Copy the entries character for character.
[[ RECORDS open ]]
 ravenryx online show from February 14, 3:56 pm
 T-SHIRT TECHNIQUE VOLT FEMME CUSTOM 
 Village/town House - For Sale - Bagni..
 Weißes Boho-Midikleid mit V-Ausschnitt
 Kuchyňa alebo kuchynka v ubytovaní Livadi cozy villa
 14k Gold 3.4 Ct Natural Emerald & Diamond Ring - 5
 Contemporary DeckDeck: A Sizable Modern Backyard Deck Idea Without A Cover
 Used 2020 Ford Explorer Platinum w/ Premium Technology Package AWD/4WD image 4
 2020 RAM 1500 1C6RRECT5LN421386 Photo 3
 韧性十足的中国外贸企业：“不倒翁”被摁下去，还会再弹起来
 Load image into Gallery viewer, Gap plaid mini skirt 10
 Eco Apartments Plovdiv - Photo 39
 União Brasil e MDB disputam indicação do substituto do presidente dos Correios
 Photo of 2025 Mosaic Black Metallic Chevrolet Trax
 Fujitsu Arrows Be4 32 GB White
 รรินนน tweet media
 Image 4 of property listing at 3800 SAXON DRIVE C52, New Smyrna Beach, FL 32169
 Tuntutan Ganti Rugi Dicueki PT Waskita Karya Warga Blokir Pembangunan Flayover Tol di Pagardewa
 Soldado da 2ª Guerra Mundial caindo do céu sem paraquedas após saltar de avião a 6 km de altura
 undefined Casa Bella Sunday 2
[[ RECORDS closed ]]
ANSWER SECTION:
 ravenryx online show from February 14, 3:56 pm
 T-SHIRT TECHNIQUE VOLT FEMME CUSTOM 
 Village/town House - For Sale - Bagni..
 Weißes Boho-Midikleid mit V-Ausschnitt
 Kuchyňa alebo kuchynka v ubytovaní Livadi cozy villa
 14k Gold 3.4 Ct Natural Emerald & Diamond Ring - 5
 Contemporary DeckDeck: A Sizable Modern Backyard Deck Idea Without A Cover
 Used 2020 Ford Explorer Platinum w/ Premium Technology Package AWD/4WD image 4
 2020 RAM 1500 1C6RRECT5LN421386 Photo 3
 韧性十足的中国外贸企业：“不倒翁”被摁下去，还会再弹起来
 Load image into Gallery viewer, Gap plaid mini skirt 10
 Eco Apartments Plovdiv - Photo 39
 União Brasil e MDB disputam indicação do substituto do presidente dos Correios
 Photo of 2025 Mosaic Black Metallic Chevrolet Trax
 Fujitsu Arrows Be4 32 GB White
 รรินนน tweet media
 Image 4 of property listing at 3800 SAXON DRIVE C52, New Smyrna Beach, FL 32169
 Tuntutan Ganti Rugi Dicueki PT Waskita Karya Warga Blokir Pembangunan Flayover Tol di Pagardewa
 Soldado da 2ª Guerra Mundial caindo do céu sem paraquedas após saltar de avião a 6 km de altura
 undefined Casa Bella Sunday 2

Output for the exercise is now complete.